2. She used to do it in the woods near the bridge across the creek but not on the bridge, no, on a log that she straddled, then lit up then leaned back then watched the trees staying the same minute after minute not shrinking not burning up not turning to ash on the water. She knew he would hate it. The thought gave her pleasure as did the fact he didn’t know it he hadn’t figured it out he couldn’t smell it when she got home she brushed her teeth slid the pack into a coat pocket in one of the closets, a secret, a dark hole so private she couldn’t find herself in it. No, she found somebody else, some other woman, not his wife not the mother of his children not anyone he knew not someone her own mother would recognize draped in dark leathers sunglasses so big you could watch the woods in them the squirrels chirping the snapped twigs the white cat in dead leaves the surprise of each moment the sulfur the flame that was in her. No, this was not her, this woman with these yearnings this thing between her lips this half-formed smile.

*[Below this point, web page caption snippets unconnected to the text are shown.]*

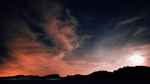 星空晚霞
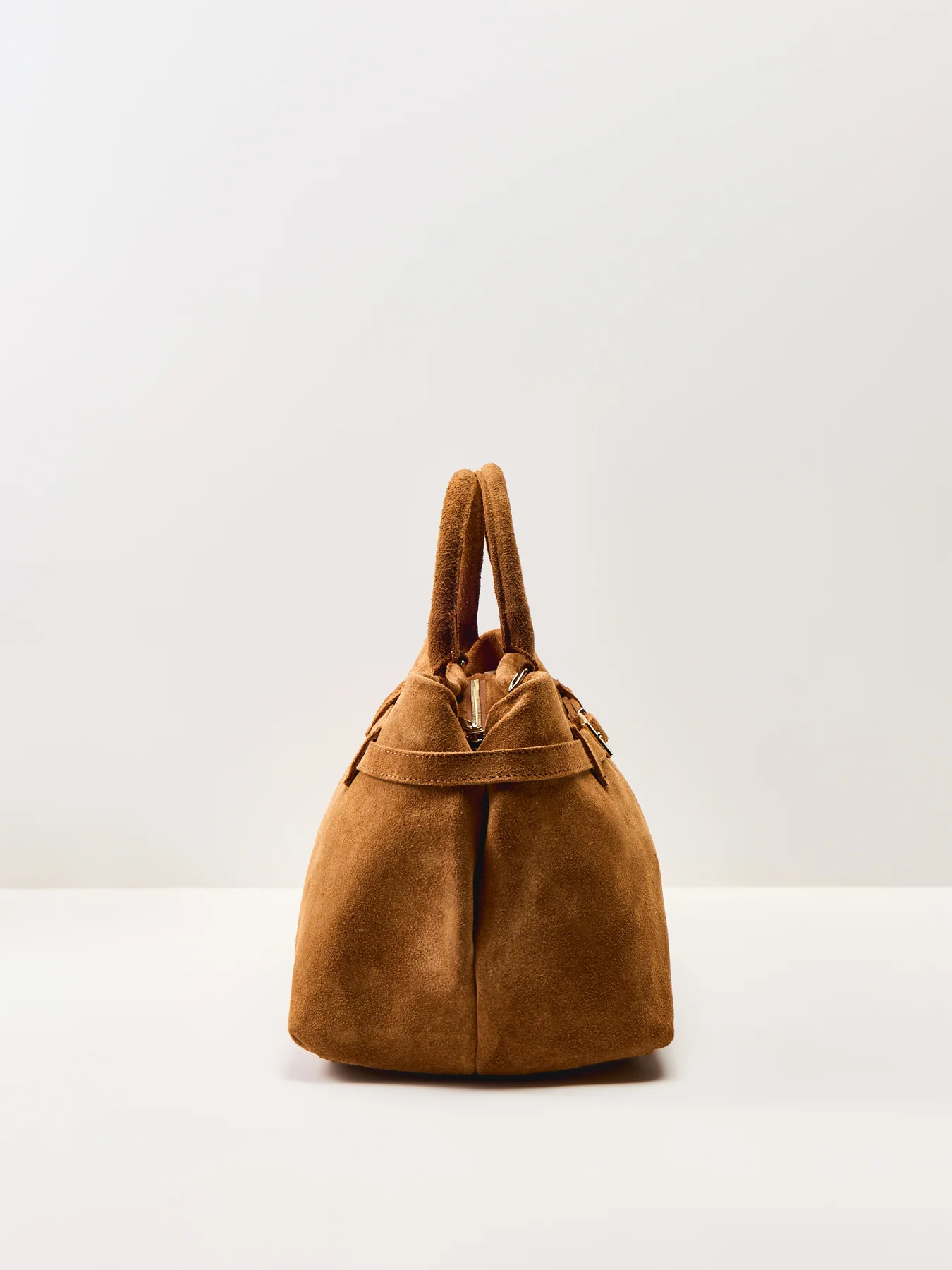Pacino Suede Belt Bag Tan - Image 4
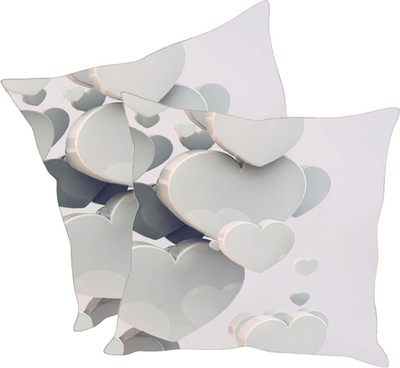 

Sleep Nature's Printed Cushions Cover(Pack of 2, 30.63 cm*30.63 cm, Multicolor)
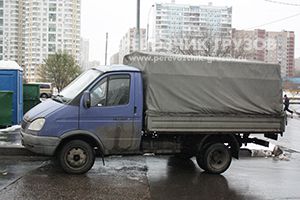 Грузовик для квартирных и дачных переездов, перевозки мебели в посёлке Сергиевском
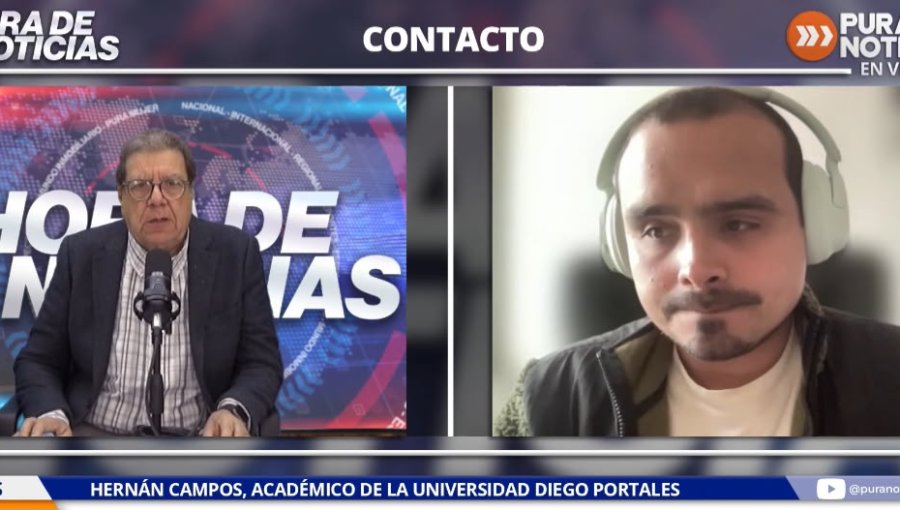 Académico Hernán Campos y análisis político actual: “Hoy día el foco está centrado en los problemas de gestión”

3. Once, when she was sitting there smoking, she saw a man across the way, watching her. She recognized his clothing. He was the man who jogged past her car every morning never nodding never mouthing hello except now he gazed at her so perplexedly she wondered, How does he know me? How does he know I “don’t smoke”? She stubbed the cigarette out on damp splinters of log then shoved the butt into the rot, buried it in sawdust she would smell on her fingertips days later. When she glanced up he was gone. There was only the opposite edge of the creek you’d have to walk across air to get to and off in the trees a glimpse now and then of crimson Lycra and the high-flashing whites of his shoes. She wondered, Who am I if not the woman he sees every morning in her car on her way to work the children buckled in behind her the husband gesticulating lecturing pontificating into the sunlight?